Background information
- Also known as: Chaotik Dischord, Chaotic Discord
- Origin: Bristol, England
- Genres: Punk rock
- Years active: 1981–1988 then 2019-eventually
- Labels: Riot City, Not Very Nice, Syndicate, Anagram, Punkcore, Irresponsible Punk Songs
- Members: Ransid Ampex Oxobox Mucus Pierce
- Past members: Crusty Rusty Pox Evo Stix Billy Bollox Pig Rancid
- Website: www.instagram.com/chaoticdischord

= Chaotic Dischord =

English punk rock band

Chaotic Dischord are an English punk rock band from Bristol, England, allegedly formed by members of Vice Squad and their road crew in 1981, although this still remains unconfirmed by members of the band.
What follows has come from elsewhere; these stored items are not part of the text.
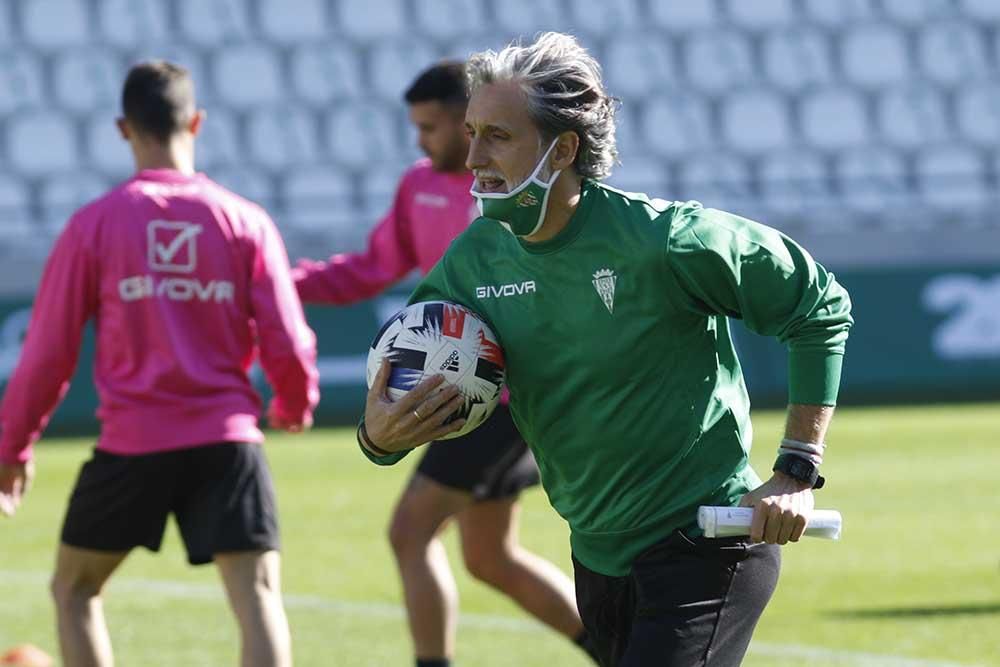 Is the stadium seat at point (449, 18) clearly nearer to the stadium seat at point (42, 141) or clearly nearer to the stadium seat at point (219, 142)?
the stadium seat at point (219, 142)

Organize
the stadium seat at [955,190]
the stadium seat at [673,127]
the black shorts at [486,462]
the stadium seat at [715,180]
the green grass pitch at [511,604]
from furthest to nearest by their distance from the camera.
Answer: the stadium seat at [673,127]
the stadium seat at [955,190]
the stadium seat at [715,180]
the green grass pitch at [511,604]
the black shorts at [486,462]

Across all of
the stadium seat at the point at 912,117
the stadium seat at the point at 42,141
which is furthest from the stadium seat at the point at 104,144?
the stadium seat at the point at 912,117

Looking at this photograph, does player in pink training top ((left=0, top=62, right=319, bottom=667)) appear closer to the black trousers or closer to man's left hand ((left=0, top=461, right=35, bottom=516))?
man's left hand ((left=0, top=461, right=35, bottom=516))

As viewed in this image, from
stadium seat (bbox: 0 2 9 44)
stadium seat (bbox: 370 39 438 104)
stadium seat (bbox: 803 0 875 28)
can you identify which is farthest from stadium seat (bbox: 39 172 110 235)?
stadium seat (bbox: 803 0 875 28)

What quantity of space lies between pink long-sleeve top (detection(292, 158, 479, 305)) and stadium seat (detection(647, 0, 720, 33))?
60.5 ft

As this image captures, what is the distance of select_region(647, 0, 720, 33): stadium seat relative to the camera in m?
25.3

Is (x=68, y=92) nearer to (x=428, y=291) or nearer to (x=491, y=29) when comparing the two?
(x=491, y=29)

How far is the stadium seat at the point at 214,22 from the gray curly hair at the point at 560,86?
20.2 metres

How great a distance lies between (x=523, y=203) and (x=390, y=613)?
16.6 feet

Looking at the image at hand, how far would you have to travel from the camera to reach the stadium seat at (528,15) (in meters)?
24.8

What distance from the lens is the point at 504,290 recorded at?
4.23 m

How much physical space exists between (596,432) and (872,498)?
9.50 metres

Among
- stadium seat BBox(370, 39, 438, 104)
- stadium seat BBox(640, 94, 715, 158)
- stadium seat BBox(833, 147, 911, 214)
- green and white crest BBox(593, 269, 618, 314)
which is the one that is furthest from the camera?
stadium seat BBox(640, 94, 715, 158)

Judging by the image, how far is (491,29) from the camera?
81.2 ft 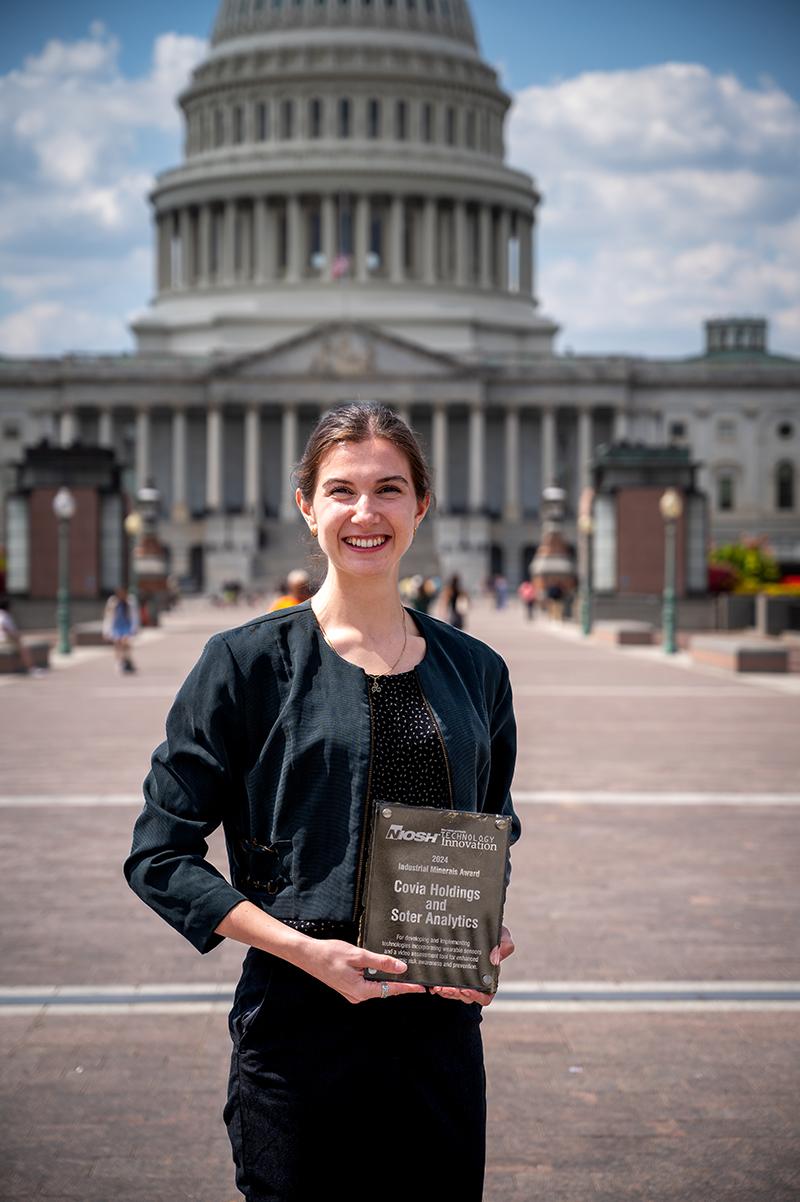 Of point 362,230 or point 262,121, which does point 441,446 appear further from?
point 262,121

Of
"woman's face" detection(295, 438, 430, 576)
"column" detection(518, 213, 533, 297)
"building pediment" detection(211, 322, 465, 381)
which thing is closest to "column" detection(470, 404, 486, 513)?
"building pediment" detection(211, 322, 465, 381)

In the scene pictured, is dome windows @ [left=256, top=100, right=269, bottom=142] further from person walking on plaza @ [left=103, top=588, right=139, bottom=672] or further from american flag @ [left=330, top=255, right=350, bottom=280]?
person walking on plaza @ [left=103, top=588, right=139, bottom=672]

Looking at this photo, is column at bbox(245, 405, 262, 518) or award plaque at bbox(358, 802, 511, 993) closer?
award plaque at bbox(358, 802, 511, 993)

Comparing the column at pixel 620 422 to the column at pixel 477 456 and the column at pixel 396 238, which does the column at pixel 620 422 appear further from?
the column at pixel 396 238

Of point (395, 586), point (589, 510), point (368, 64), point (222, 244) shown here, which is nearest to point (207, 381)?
point (222, 244)

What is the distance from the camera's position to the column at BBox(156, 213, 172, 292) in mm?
141125

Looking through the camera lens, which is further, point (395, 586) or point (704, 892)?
point (704, 892)

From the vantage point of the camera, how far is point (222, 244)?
137 meters

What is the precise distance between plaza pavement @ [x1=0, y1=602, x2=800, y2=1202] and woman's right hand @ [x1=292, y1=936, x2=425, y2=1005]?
0.34 metres

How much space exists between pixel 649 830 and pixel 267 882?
32.4 feet

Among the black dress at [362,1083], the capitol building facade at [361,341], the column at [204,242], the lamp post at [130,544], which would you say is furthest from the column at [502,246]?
the black dress at [362,1083]

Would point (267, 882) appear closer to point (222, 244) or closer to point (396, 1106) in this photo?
point (396, 1106)

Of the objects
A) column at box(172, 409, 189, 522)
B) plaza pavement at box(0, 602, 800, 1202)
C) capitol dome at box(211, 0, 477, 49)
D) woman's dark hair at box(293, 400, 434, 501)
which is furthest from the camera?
capitol dome at box(211, 0, 477, 49)

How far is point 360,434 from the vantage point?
4.36 meters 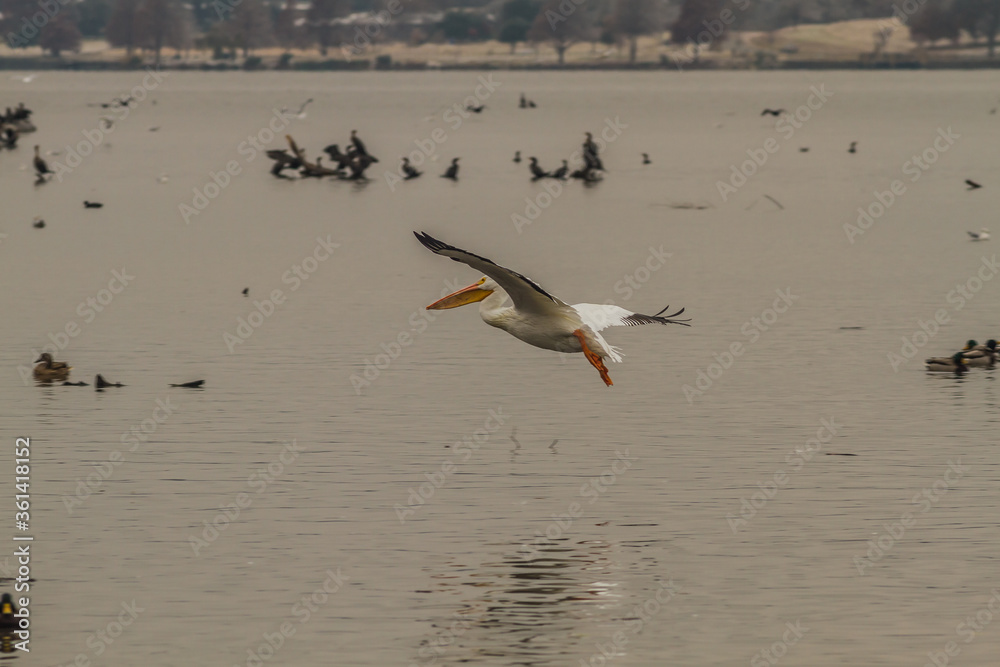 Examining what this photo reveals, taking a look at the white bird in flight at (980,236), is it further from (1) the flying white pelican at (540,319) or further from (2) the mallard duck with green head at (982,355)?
(1) the flying white pelican at (540,319)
The band also recorded a one-off EP under the name Sex Aids.

==History==
Chaotic Dischord's line-up consisted of Ampex Oxobox (bass), Evo Stix (drums), Ransid (vocals), and Pox (guitars). There are many myths and legends about how they formed and who was actually a member of the band, but the most enduring story suggests that the band originally formed to parody the hopeless second-wave punk bands that had been signed to Riot City Records – but ironically they went on to become one of the label's best-selling acts. After an argument with Riot City boss Simon Edwards, in which Dave Bateman and Shane Baldwin from Vice Squad claimed they could knock out something on the same lines as some of these bands "in ten minutes", the band later went away and recorded 'Glue Accident'. They submitted the track under the name Chaotik Discord, via a friend to Edwards who was looking for bands for his forthcoming Riotous Assembly compilation LP. To avoid Edwards learning their true identity they claimed that Vice Squad were friends of theirs and that they would only deal with them. Edwards included the track on the album, misspelling their name as Chaotic Dischord, which would stick as the spelling from then on. After some time Edwards discovered the true identity of the band, but by then they were selling records in sufficient numbers to carry on.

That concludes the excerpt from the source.